The school issues students blue polo shirts emblazoned with the school’s logo to wear with their own slacks, skirts, and shorts — of an appropriate length. “We also reward hard work,” Zero said. “Eighth graders who have maintained good grade averages are eligible for special outings, such as going on a graduation trip to San Diego, where they visit Sea World, the zoo, and the beach.”
As classes were changing, he introduced me to four girls in the hallway. Each met my eyes with a smile, told me her name, and shook my hand. The Imago Dei staff has instilled in them the etiquette that provides confidence in social situations.
Sawyer, head of school, is responsible for school operations, development, and finance. The cost to educate one student is $15,000 per year. Donors, board members, foundations, and individual and corporate tax credits fund the school. More than a dozen Tucson business and educational partners provide students with assistance or scholarships. Anderson-Smith, chaplain, teaches two religion classes and celebrates a weekly Eucharist. Children of all faiths and those with none may attend.

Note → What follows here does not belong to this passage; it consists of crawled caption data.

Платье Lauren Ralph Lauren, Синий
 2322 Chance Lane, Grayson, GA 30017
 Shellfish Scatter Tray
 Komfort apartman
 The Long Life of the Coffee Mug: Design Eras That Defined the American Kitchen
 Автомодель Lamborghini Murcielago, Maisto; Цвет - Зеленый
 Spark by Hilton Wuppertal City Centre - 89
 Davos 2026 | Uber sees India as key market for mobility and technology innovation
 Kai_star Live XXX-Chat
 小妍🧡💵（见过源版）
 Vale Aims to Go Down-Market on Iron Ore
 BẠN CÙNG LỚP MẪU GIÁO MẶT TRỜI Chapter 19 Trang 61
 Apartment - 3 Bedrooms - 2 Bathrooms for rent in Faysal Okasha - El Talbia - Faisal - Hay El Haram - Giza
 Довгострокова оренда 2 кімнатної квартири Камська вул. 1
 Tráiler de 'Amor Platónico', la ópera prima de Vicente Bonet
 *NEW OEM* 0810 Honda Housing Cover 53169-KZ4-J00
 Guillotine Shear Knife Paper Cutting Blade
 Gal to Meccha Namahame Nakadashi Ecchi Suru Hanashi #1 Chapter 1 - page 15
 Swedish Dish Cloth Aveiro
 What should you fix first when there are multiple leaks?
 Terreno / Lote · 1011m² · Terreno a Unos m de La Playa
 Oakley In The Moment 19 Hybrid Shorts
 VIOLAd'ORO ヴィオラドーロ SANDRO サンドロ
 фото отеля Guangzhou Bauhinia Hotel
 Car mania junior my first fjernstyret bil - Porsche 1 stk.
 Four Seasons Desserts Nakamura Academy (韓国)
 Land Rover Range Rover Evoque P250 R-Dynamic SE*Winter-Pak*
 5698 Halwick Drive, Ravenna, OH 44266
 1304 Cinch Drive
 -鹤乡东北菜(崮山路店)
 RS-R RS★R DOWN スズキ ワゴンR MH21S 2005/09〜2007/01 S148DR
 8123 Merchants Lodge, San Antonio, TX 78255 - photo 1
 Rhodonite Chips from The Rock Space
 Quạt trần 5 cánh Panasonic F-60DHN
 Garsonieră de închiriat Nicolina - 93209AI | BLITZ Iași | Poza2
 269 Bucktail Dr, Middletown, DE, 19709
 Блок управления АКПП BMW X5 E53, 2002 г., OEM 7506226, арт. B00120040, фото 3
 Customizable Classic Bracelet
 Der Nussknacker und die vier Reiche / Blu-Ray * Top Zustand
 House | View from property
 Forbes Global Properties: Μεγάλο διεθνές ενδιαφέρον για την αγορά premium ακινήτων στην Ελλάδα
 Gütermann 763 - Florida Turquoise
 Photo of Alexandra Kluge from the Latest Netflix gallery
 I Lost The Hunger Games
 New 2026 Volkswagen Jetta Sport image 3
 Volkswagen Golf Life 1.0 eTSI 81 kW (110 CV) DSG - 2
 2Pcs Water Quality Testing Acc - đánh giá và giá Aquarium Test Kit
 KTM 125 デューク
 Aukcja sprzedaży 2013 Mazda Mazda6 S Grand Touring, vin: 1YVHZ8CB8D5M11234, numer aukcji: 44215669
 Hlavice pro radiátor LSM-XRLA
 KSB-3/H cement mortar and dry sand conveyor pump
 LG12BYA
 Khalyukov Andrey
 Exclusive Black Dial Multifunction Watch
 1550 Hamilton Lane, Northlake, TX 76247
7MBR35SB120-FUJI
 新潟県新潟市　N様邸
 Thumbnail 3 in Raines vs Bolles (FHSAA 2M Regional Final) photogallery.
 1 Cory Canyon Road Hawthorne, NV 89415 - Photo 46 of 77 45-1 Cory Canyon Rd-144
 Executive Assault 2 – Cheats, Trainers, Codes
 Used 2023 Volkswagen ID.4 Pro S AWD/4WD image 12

Students address the two founders as “Miss Reverend Anne” and “Miss Reverend Susan.”
The founders believed that educational and social success in middle school years for teenagers was crucial in their development and increased the likelihood of their continuing on to high school.
Imago Dei’s mission is to break the cycle of poverty through education. Students’ families must be at or below the poverty level and qualify for the National School Lunch Program. The school provides breakfast, lunch, and a snack for students. Imago Dei is a member of the National Association of Episcopal Schools and the Episcopal Urban School Alliance, an organization that supports families in impoverished neighborhoods by enriching community life and providing graduates with mentors.
Based in a former Sears Executive Building on North 6th Avenue, across from Ronstadt Transit Center, the school is convenient for students who commute by bus. Seventh and eighth graders build technical and artistic skills at the Sonoran Glass Art Academy each week. The University of Arizona’s Department of Mexican American Studies sends Latino lecturers to guide students in challenges they face.
The commitment of parents, volunteers, and teachers is vital to the school’s success. One parent from each household is required to volunteer at least one hour weekly. A parent volunteer at the reception desk was proud that four of her eight children were Imago Dei students. Other community members help with school maintenance.
Volunteers tutor students with learning challenges. Joe Yukish, retired professor from Teachers College, Columbia University, comes in three times a week to help students improve their reading skills. The school’s walls are brightened by the colorful paintings of artist Jeanne Porter. She is a generous donor and member of the school’s Strategic Planning Committee.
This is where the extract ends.